--- YOUR INSTRUCTIONS ---
From the first line to the last, retype the records exactly and skip the pictures.

───── RECORD EXTRACTS

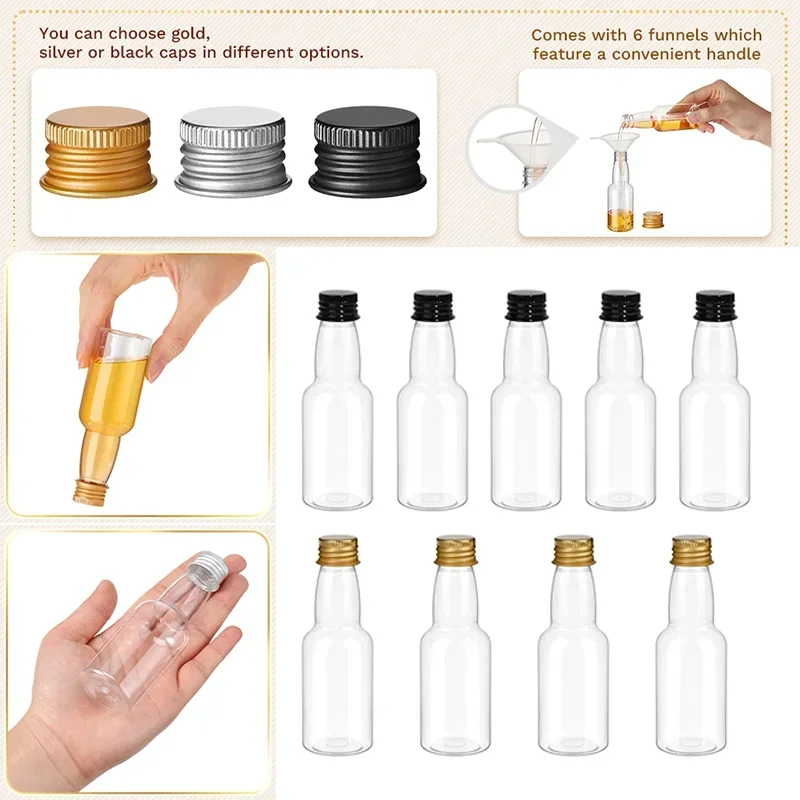 50pcs 30ml-150ml Plastic Mini Liquor Bottles Empty Portable Reusable Drink Container for DIY Juice Wine Alcohol Birthday Wedding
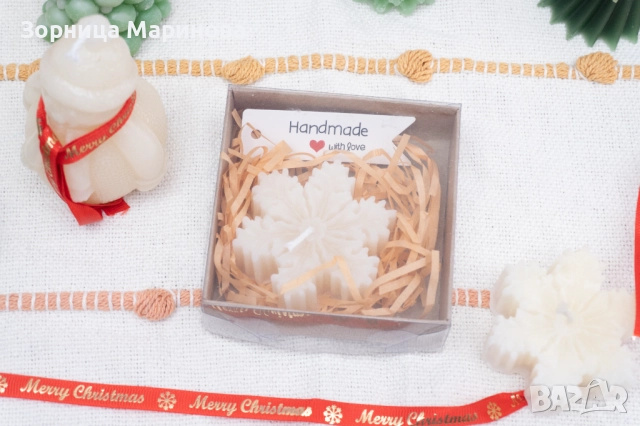 Коледни ароматни свещи, ръчна изработка, снимка 2 - Други - 52130779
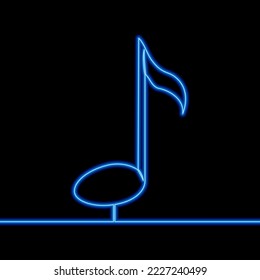 Continuous one single line drawing note symbol of music icon neon glow vector illustration concept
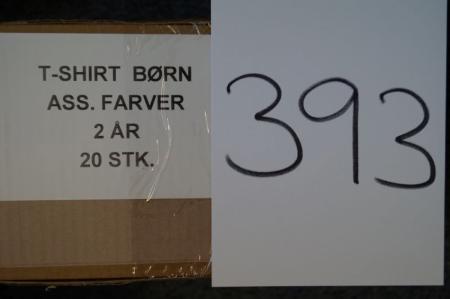 Firmatøj uden tryk ubrugt : 20 stk T-shirt , ASS. FARVER , 100 % bomuld,  2 ÅR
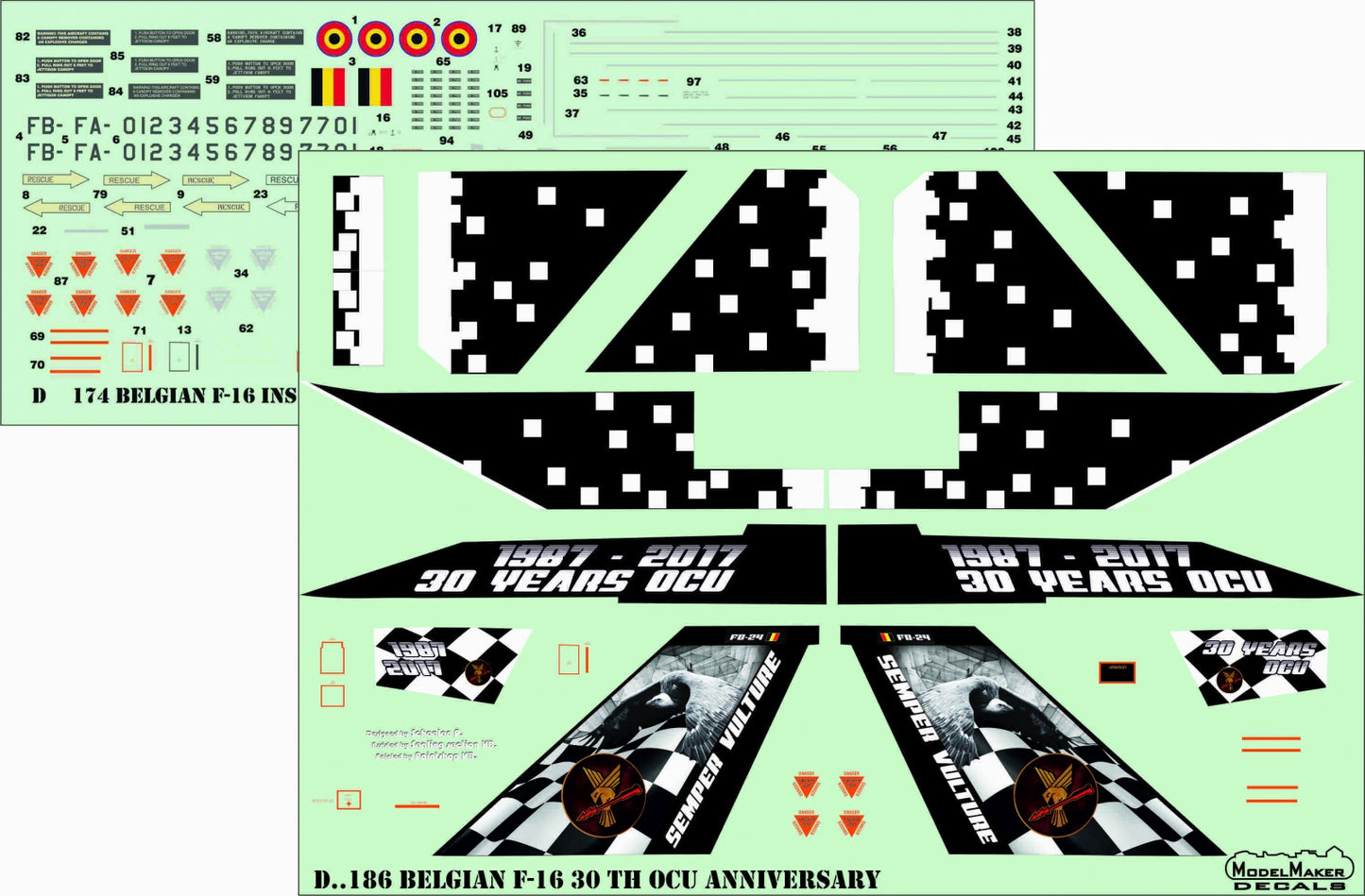 Model Maker Decals D72186 1:72 Belgian F-16 30th OCU anniversary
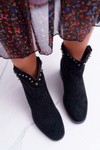Botki Damskie Na Koturnie Płaski Obcas Ocieplane Za Kostkę Czarne Deminis
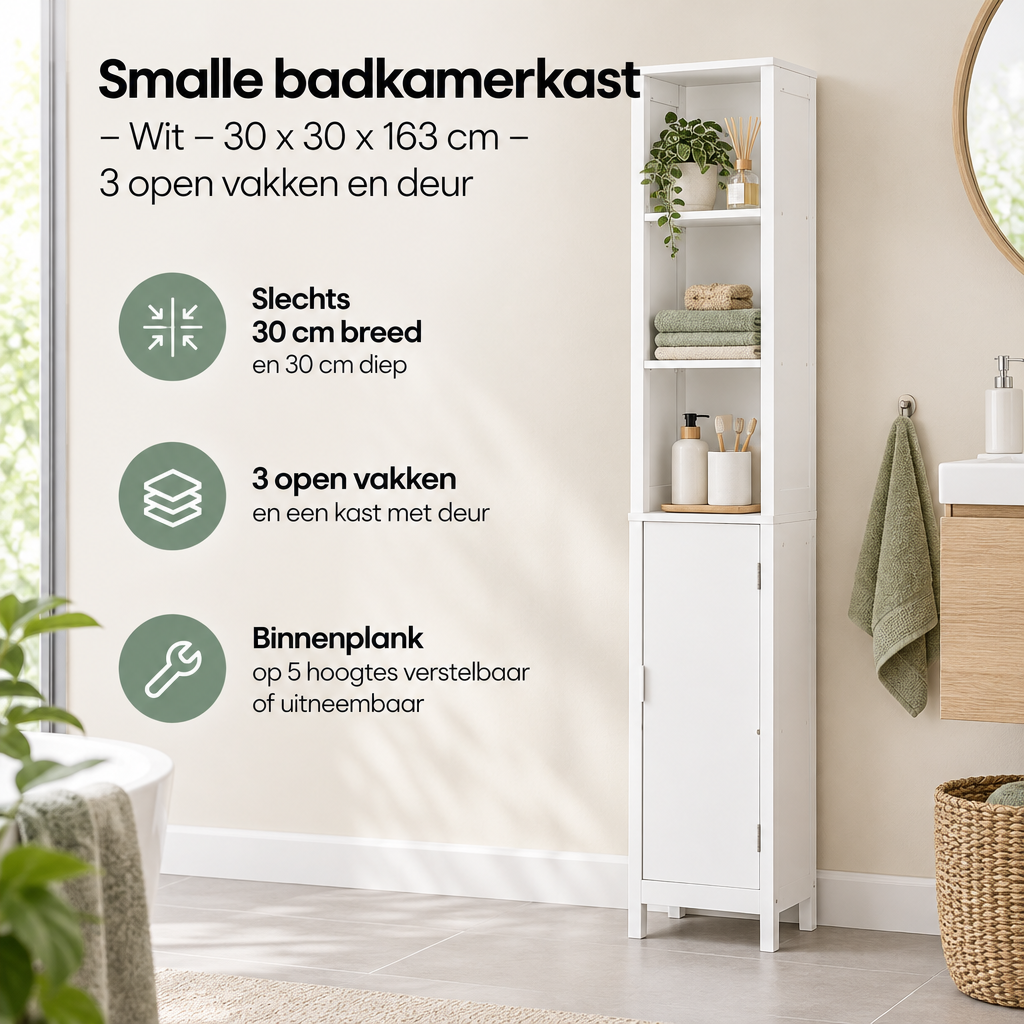 Praktische toepassing en keuzehulp voor smalle badkamerkast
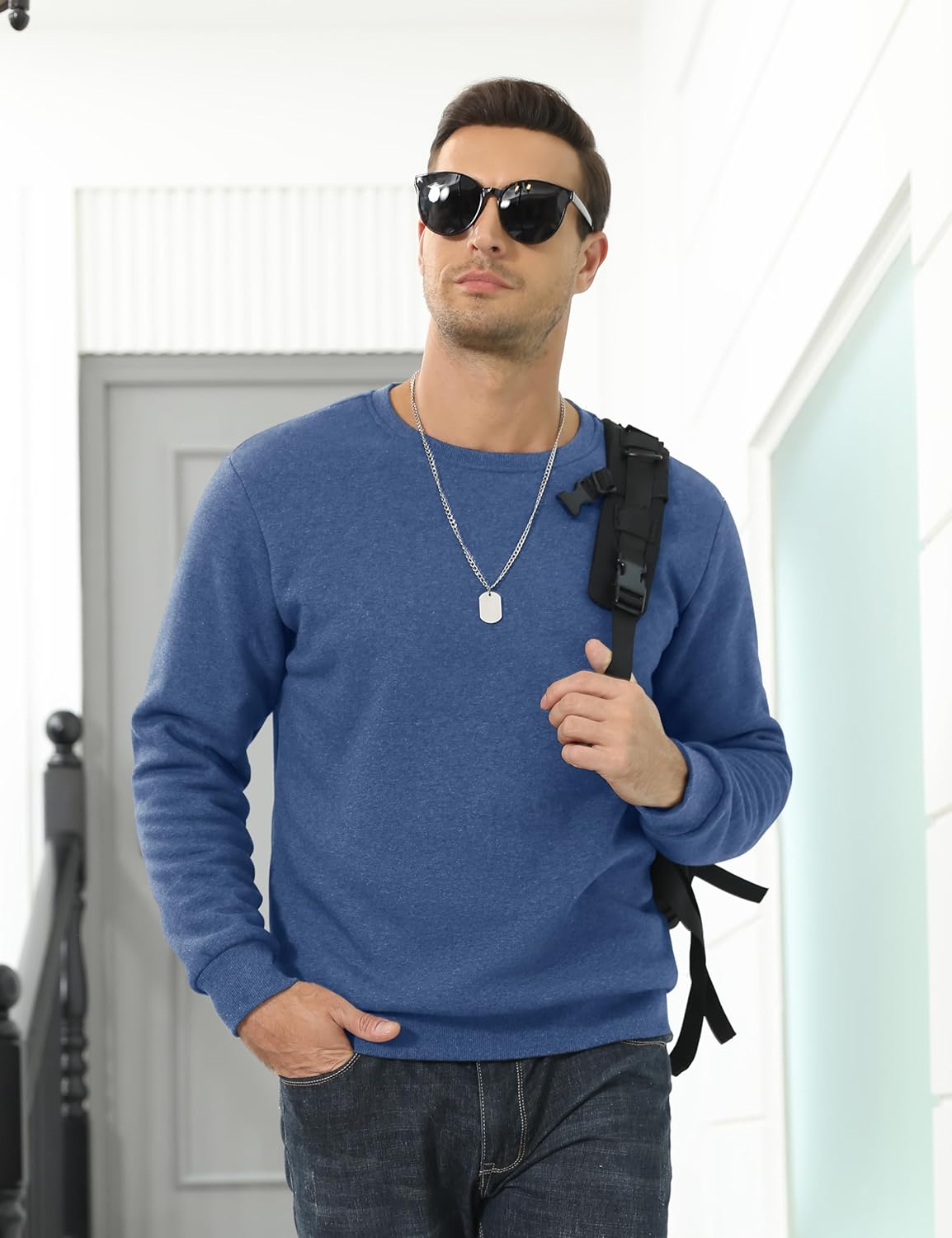 TACVASEN Grey Blue Men's Sherpa Lined Sweatshirt Warm Heavyweight Fleece Pullover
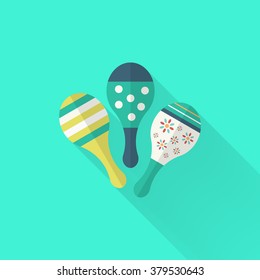 Wooden rattle icon , Vector flat long shadow design. Children's toys concept.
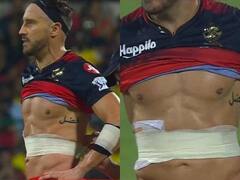 पेट पर पट्टियां बंधे होने के बावजूद सीएसके पर छक्कों की बारिश कर रहे थे डु प्लेसिस, वायरल हुआ फोटो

──────────

--- OUTPUT BELOW ---
 50pcs 30ml-150ml Plastic Mini Liquor Bottles Empty Portable Reusable Drink Container for DIY Juice Wine Alcohol Birthday Wedding
 Коледни ароматни свещи, ръчна изработка, снимка 2 - Други - 52130779
 Continuous one single line drawing note symbol of music icon neon glow vector illustration concept
 Firmatøj uden tryk ubrugt : 20 stk T-shirt , ASS. FARVER , 100 % bomuld,  2 ÅR
 Model Maker Decals D72186 1:72 Belgian F-16 30th OCU anniversary
Botki Damskie Na Koturnie Płaski Obcas Ocieplane Za Kostkę Czarne Deminis
 Praktische toepassing en keuzehulp voor smalle badkamerkast
 TACVASEN Grey Blue Men's Sherpa Lined Sweatshirt Warm Heavyweight Fleece Pullover
 Wooden rattle icon , Vector flat long shadow design. Children's toys concept.
 पेट पर पट्टियां बंधे होने के बावजूद सीएसके पर छक्कों की बारिश कर रहे थे डु प्लेसिस, वायरल हुआ फोटो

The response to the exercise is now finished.